Cet ordre spirituel impliquait le respect des autorités religieuses, morales, politiques et intellectuelles. Une surveillance et une censure plus ou moins étroite s'exerçaient sur les écrits ou sur les paroles, pour dénoncer tout ce qui semblait une injure à Dieu, au roi ou aux bonnes mœurs. Les idées hétérodoxes - voire toute nouveauté - pouvaient être condamnées. En effet, le respect du passé, de la tradition, de la coutume était également enraciné. La complexité de l'Ancien Régime réside dans le fait que les institutions ou les édits nouveaux ne supprimaient pas forcément les réalités anciennes mais s'ajoutaient à elles. Cet enchevêtrement, parfois inextricable, était une véritable providence pour qui savait le démêler - en particulier les savants juristes -, ou simplement s'en accommoder. En défendant des droits acquis dans le passé, une province, une ville, un bourg, une communauté, un « corps », un métier, défendaient souvent des privilèges, droits dont d'autres ne jouissaient pas : exemptions de taxes, « franchises » municipales ou « libertés » provinciales. Ainsi, l'Ancien Régime ne connaissait guère la liberté, mais il fut le conservateur et le protecteur de nombre de libertés.
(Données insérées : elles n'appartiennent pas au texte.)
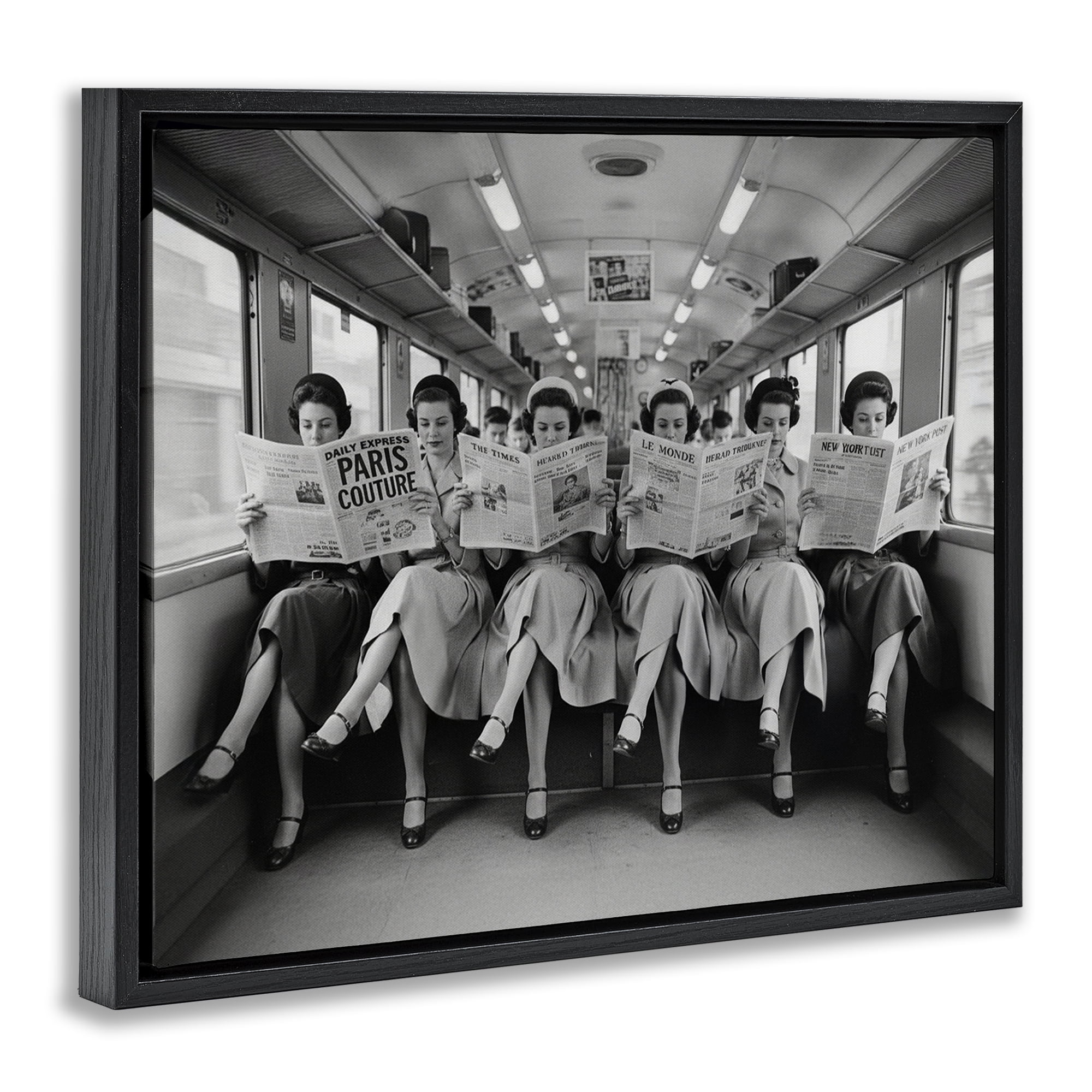 Stupell Industries Newsprint Ladies on Train Black Framed Floater Canvas Wall Art, design by A Barefoot Stylist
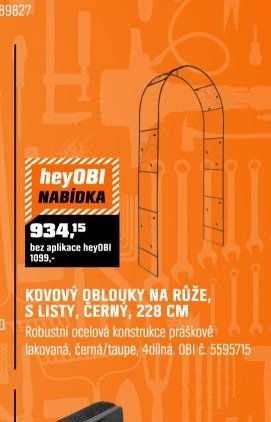 KOVOVÝ OBLOUKY NA RŮŽE, S LISTY, 228 CM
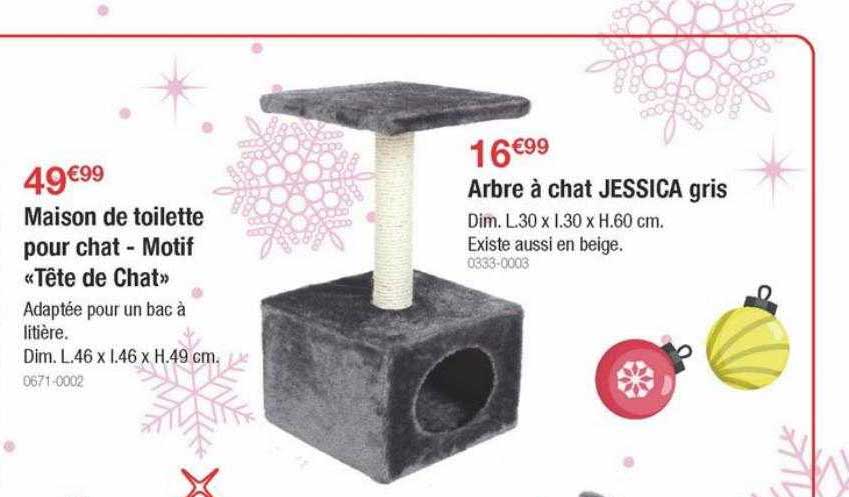 maison de toilette pour chat - motif «tête de chat», arbre à chat jessica gris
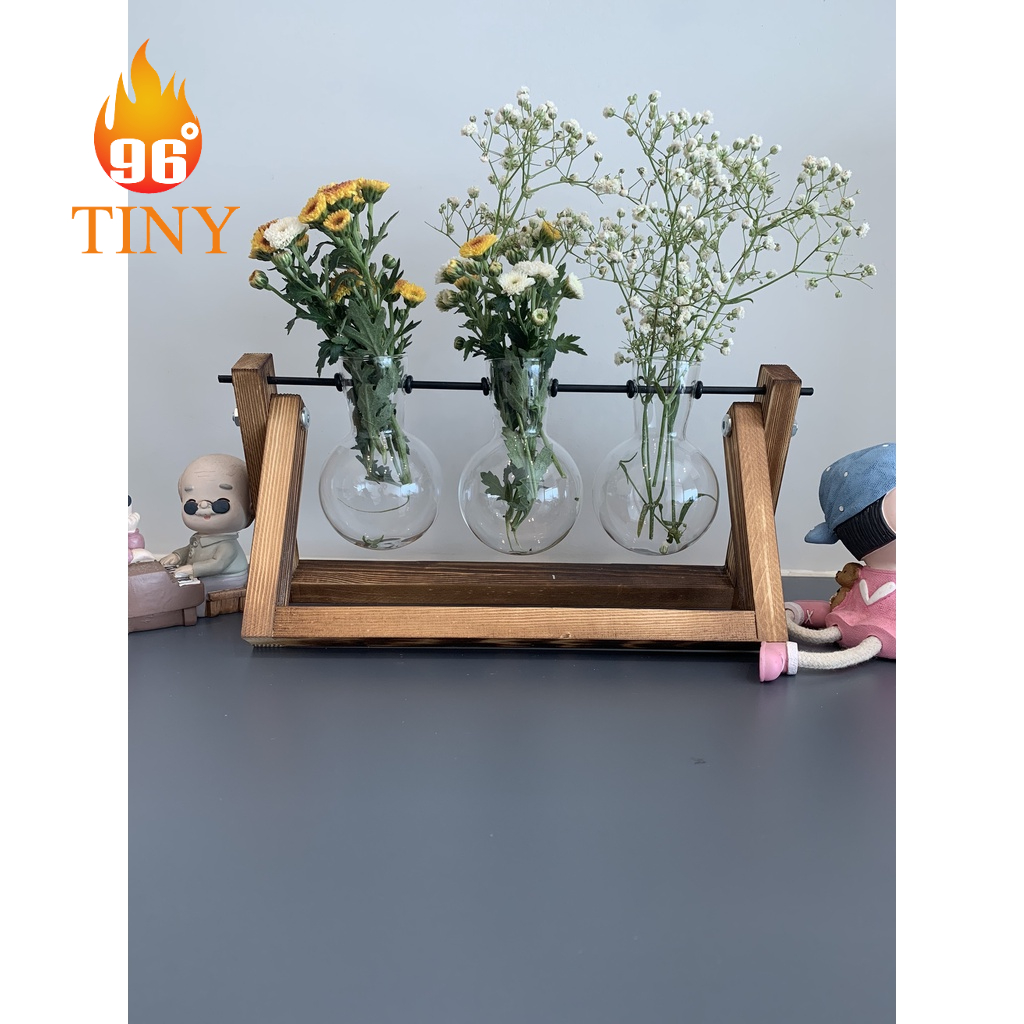 Bình hoa thủy tinh hình tròn có gắn khung gỗ để trồng cây thủy sinh, cắm hoa, trang trí bàn làm việc, văn phòng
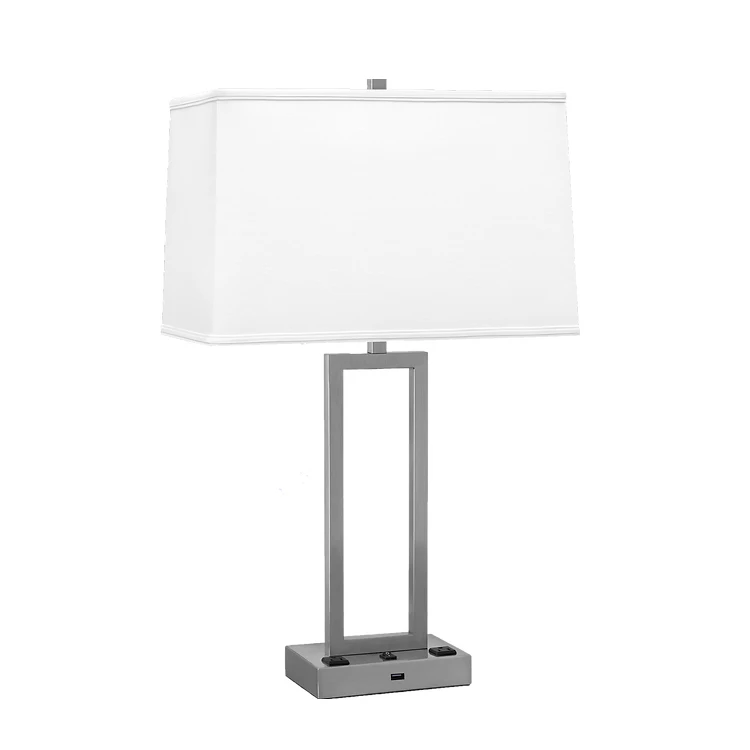 Hotel Single or Double Night Light Table Lamp with Power Outlets & 1 USB
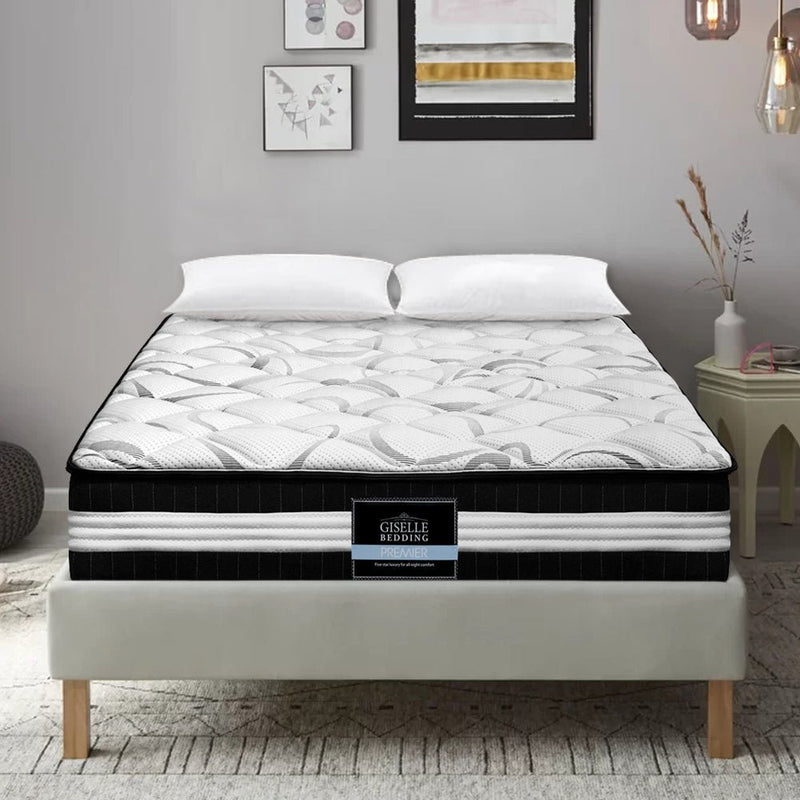 Double Size | Mykonos Euro Top Pocket Spring Mattress (Medium Firm) - Rivercity House & Home Co. (ABN 18 642 972 209) - Affordable Modern Furniture Australia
Le roi comme arbitre suprême.

• L'Ancien Régime signifiait surtout une organisation des pouvoirs, un ordre politique, fondés sur la monarchie de droit divin : les Français étaient les « sujets » d'un roi, et ce mot même indique qu'ils lui devaient obéissance. Toute l'autorité émanait d'une seule source, le roi, qui, depuis le Moyen Âge, était considéré comme empereur en son royaume et ne reconnaissait aucune puissance au-dessus de lui, sinon Dieu. Son autorité se renforça par le biais de la construction de l'État, c'est-à-dire d'une administration bien structurée, étoffée et efficace, mais aussi par l'affirmation de la souveraineté royale après l'épreuve des guerres de Religion : le roi était l'arbitre suprême autant que le dispensateur de toute justice, le créateur de toute loi et le défenseur du royaume. Il n'existait pas de texte constitutionnel ; il y avait néanmoins des lois fondamentales, fruits de l'histoire.

Mais la puissance publique était largement déléguée. D'une part, des offices avaient été créés, qui, avec le temps, étaient devenus vénaux et héréditaires. D'autre part, des commissions temporaires et précises avaient favorisé l'installation d'intendants dans les provinces, qui, devenus « les yeux et les oreilles du prince », amplifièrent l'unification, la modernisation et la centralisation du royaume. L'État prit ainsi une place centrale et un poids particulier dans la vie du royaume, ce qui fit la singularité du « modèle » français d'administration.

Cet État s'était renforcé à travers les guerres, qui avaient impliqué la création d'une armée permanente, donc de l'impôt permanent. Les conflits tout au long du XVIIe siècle avaient entraîné un bond quantitatif de l'impôt royal, qui n'avait pas été accepté sans révoltes ni tensions. Il avait été collecté, pour la taille, dans le cadre traditionnel des paroisses et, pour les impôts indirects surtout, avec le concours intéressé de financiers liés à la couronne. À son tour, il avait permis le développement de l'action monarchique. Pourtant, la monarchie se montra incapable de transformer durablement sa fiscalité, en raison même des divers privilèges octroyés, et elle ne disposa pas des méthodes et des institutions financières qui existaient en Hollande ou en Angleterre. Ainsi, la crise des finances publiques fut à l'origine de la réunion des états généraux en 1789.